• _Exercise details_: Retype precisely the section of the data that starts at the line containing "Houston, TX 77004" and runs to its final line, ends included.

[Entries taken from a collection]
+ + + + +

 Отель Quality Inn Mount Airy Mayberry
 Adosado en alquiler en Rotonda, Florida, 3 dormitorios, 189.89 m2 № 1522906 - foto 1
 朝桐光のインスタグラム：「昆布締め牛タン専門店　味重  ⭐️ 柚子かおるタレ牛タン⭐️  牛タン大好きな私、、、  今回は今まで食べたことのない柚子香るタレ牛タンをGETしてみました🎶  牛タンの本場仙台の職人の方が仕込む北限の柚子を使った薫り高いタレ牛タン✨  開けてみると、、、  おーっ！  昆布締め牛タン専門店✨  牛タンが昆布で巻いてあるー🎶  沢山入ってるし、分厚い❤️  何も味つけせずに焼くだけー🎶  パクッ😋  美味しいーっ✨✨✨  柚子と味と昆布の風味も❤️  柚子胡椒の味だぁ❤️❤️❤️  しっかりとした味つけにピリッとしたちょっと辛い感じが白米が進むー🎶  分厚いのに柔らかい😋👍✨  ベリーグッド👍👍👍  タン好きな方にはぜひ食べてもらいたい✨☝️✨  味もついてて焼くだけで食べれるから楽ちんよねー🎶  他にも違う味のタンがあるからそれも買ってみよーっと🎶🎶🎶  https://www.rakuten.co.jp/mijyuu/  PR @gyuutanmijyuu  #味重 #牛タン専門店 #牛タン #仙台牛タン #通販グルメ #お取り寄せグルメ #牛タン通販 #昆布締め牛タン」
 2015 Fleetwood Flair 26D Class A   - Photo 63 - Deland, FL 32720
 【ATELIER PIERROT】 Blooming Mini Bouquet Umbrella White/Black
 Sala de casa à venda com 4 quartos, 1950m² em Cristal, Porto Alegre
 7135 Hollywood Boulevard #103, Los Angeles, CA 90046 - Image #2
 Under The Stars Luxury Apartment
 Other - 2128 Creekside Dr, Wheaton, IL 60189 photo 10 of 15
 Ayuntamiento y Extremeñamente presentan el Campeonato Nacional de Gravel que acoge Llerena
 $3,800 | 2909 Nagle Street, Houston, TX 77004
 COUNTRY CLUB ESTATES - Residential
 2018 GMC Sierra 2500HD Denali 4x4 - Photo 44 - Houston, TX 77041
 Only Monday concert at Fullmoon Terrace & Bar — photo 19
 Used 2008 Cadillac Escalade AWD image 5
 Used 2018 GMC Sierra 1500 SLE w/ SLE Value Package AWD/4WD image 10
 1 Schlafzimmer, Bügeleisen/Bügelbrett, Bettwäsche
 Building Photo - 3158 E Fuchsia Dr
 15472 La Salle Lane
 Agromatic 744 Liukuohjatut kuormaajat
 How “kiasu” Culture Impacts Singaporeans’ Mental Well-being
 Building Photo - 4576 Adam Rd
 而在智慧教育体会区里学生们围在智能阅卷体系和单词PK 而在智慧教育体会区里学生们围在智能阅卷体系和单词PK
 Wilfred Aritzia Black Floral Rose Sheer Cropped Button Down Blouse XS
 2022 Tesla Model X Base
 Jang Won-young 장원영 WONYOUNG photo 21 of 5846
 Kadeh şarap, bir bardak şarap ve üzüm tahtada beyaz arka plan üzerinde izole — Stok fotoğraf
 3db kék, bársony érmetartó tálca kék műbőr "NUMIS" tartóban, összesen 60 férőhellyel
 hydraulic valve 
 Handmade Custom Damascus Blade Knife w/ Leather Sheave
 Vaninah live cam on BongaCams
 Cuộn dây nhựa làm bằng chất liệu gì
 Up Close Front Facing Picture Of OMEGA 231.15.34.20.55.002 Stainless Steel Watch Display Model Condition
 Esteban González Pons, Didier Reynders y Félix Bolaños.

+ + + + +

• _Finished task_:
 $3,800 | 2909 Nagle Street, Houston, TX 77004
 COUNTRY CLUB ESTATES - Residential
 2018 GMC Sierra 2500HD Denali 4x4 - Photo 44 - Houston, TX 77041
 Only Monday concert at Fullmoon Terrace & Bar — photo 19
 Used 2008 Cadillac Escalade AWD image 5
 Used 2018 GMC Sierra 1500 SLE w/ SLE Value Package AWD/4WD image 10
 1 Schlafzimmer, Bügeleisen/Bügelbrett, Bettwäsche
 Building Photo - 3158 E Fuchsia Dr
 15472 La Salle Lane
 Agromatic 744 Liukuohjatut kuormaajat
 How “kiasu” Culture Impacts Singaporeans’ Mental Well-being
 Building Photo - 4576 Adam Rd
 而在智慧教育体会区里学生们围在智能阅卷体系和单词PK 而在智慧教育体会区里学生们围在智能阅卷体系和单词PK
 Wilfred Aritzia Black Floral Rose Sheer Cropped Button Down Blouse XS
 2022 Tesla Model X Base
 Jang Won-young 장원영 WONYOUNG photo 21 of 5846
 Kadeh şarap, bir bardak şarap ve üzüm tahtada beyaz arka plan üzerinde izole — Stok fotoğraf
 3db kék, bársony érmetartó tálca kék műbőr "NUMIS" tartóban, összesen 60 férőhellyel
 hydraulic valve 
 Handmade Custom Damascus Blade Knife w/ Leather Sheave
 Vaninah live cam on BongaCams
 Cuộn dây nhựa làm bằng chất liệu gì
 Up Close Front Facing Picture Of OMEGA 231.15.34.20.55.002 Stainless Steel Watch Display Model Condition
 Esteban González Pons, Didier Reynders y Félix Bolaños.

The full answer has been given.